======== Supplied material ========

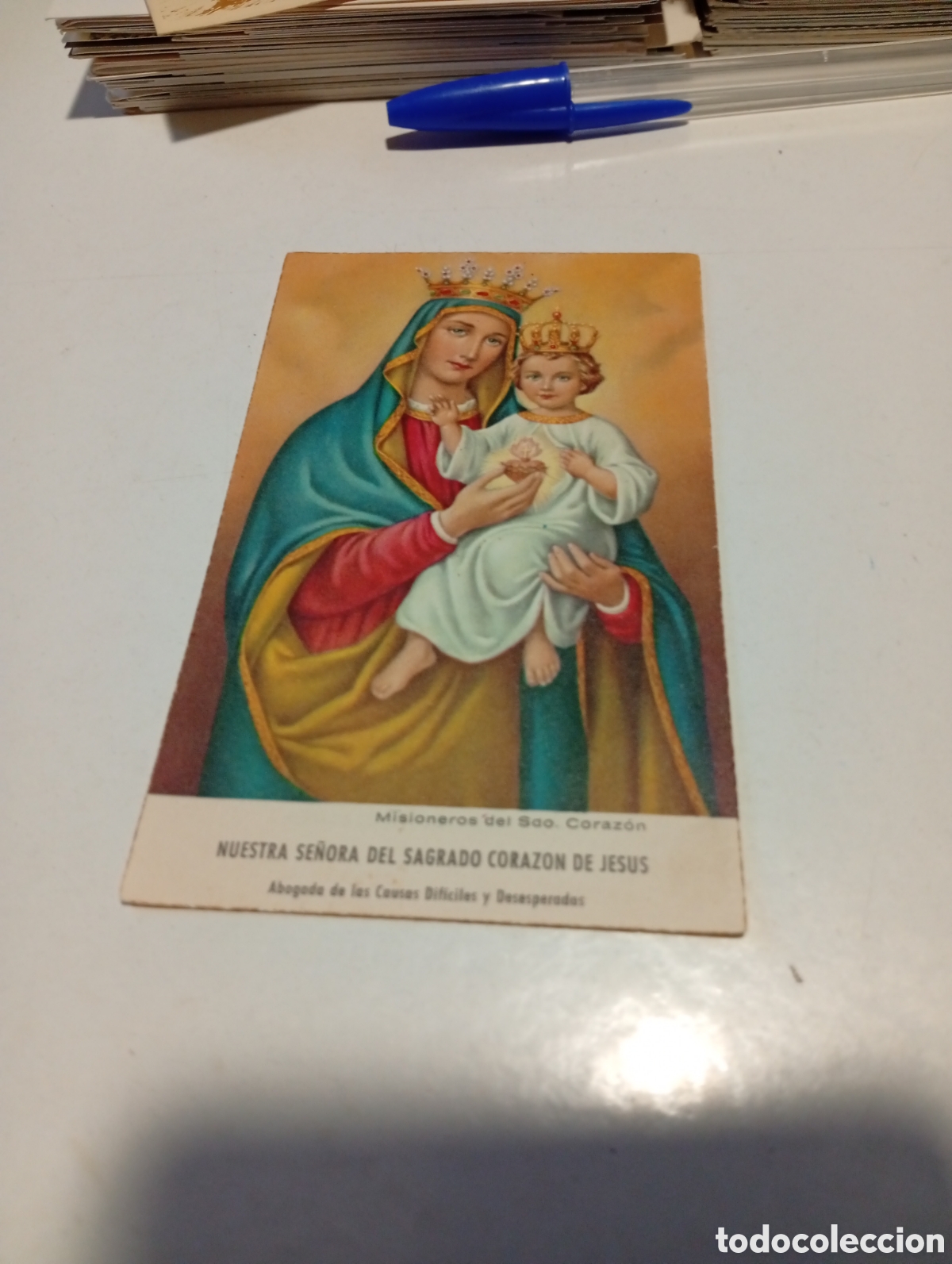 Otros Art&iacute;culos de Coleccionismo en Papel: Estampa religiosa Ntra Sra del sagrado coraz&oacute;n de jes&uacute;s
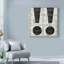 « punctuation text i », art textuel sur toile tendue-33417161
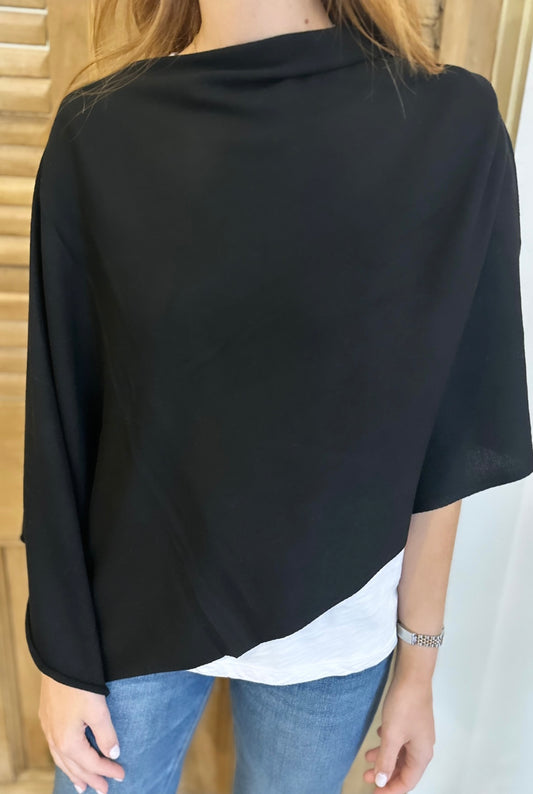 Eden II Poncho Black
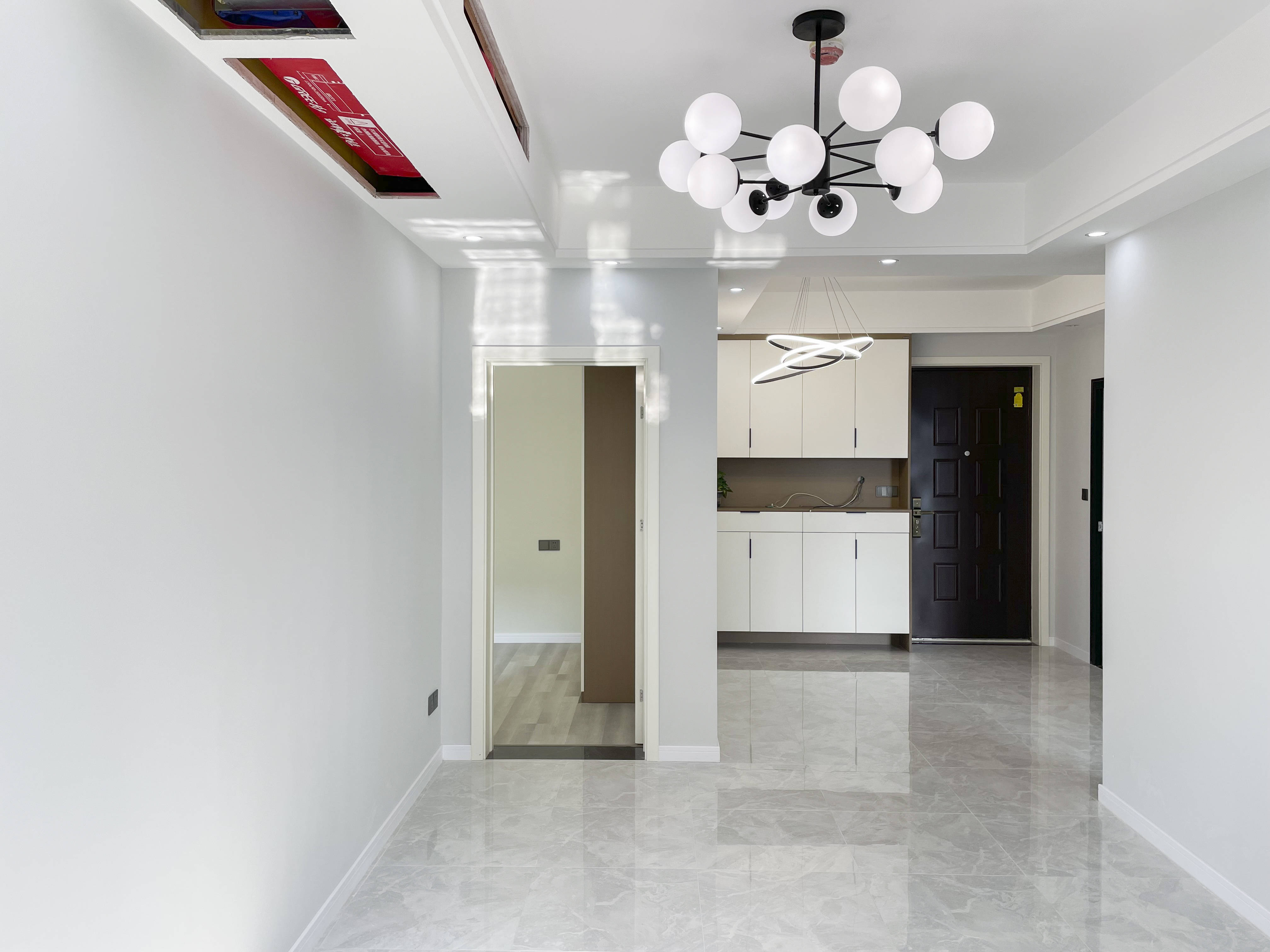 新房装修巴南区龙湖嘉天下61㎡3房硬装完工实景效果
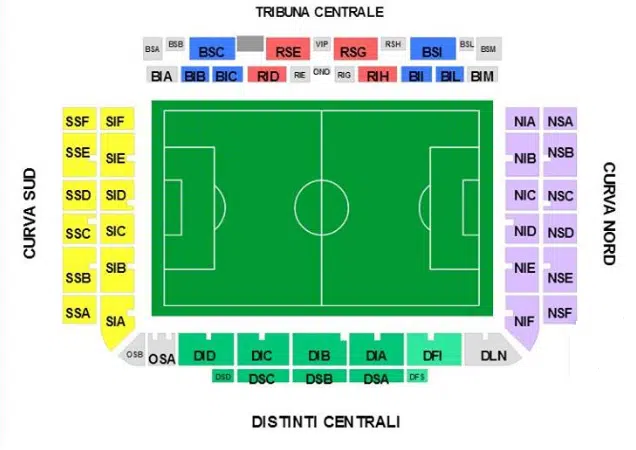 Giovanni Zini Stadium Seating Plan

========

_Requirement_
Find the line holding "新房装修巴南区龙湖嘉天下61㎡3房硬装完工实景效果" in the data above. Retype it and every later line exactly, through the end, but not the pictures.

_Response for this exercise_
 新房装修巴南区龙湖嘉天下61㎡3房硬装完工实景效果
 Giovanni Zini Stadium Seating Plan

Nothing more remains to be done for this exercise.